Master-Distiller Selected, Single Barrel: Master Distiller Jim Rutlege hand selected a 10 year, 4 month old barrel of Four Roses’ OESQ (20 percent rye mash bill) bourbon for their gift shop. According to Rutlege, it has light floral and wild honey on the nose, a creamy honey butter note on the pallet and a long finish with hints of mint and roses. Single Barrel bottles from the nine other barrels Four Roses distills (two mash bills and five yeast strains) are also available.

Heaven Hill


William Heavenhill Small Batch (left): This is the third edition of the extremely rare William Heavenhill bottlings available only at the Heaven Hill gift shop. It’s made from 10- to 11-year-old-barrels inside the Heaven Hill Bottled In Bond warehouses that are hand selected and blended by Master Distillers Parker and Craig Beam.
William Heavenhill Cask Strength (right): This is a brand new addition to the William Heavenhill lineup. Increasing the proof from the Small Batch, this cask strength is 135.6 proof and aged 15 years.

Jim Beam


American Stillhouse Clermont Limited Edition (left): The Stillhouse sports a label made of barrel wood and is numbered and signed by Fred Noe. There’s no age statement or mash bill information available for this one.
Distiller’s Masterpiece Finished in PX Sherry Casks (middle): The first Distiller’s Masterpiece release from Jim Beam was finished in cognac barrels.
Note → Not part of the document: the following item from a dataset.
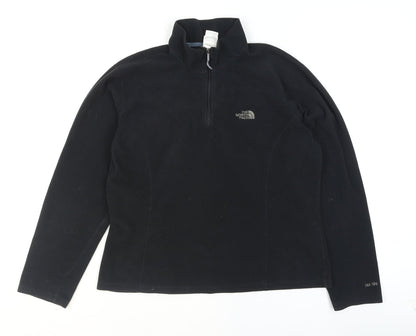 Womens UK Size L The North Face Black Pullover Sweatshirt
The second was port barrels. Third was sherry cask — and this one, the fourth, continues the trend. The bottle is 100 proof and comes with its own case (pictured).
Old Tub (right): This sour mash Jim Beam whiskey is bottled in bond and served in a prohibition-style bottle as a tribute to the first distillery, called Old Tub, where Jacob Beam sold his barrels of corn whiskey around 1795.

Maker’s Mark


Maker’s Mark Cask Strength: When faced with low supply and high demand, at first, Maker’s Mark wanted to drop the proof of their bourbon to augment their stocks. But after a general uproar of fans and requests by bartenders for proofs to go higher, not lower, Maker’s Mark released a cask-strength offering. Rougher than their typical bourbon, the 375ml bottles (this one is 113.3 proof) are only found in the gift shop or bars, for now.

Evan Williams


Evan Williams 23 Years Old: This is the oldest offering under the Evan Williams name, and one of the oldest whiskeys you’ll find in a bottle. At $400, this isn’t a steal, but it’s the smoothest and oakiest bourbon served up by Artisan Distiller Charlie Downs at the Evan Williams Bourbon Experience.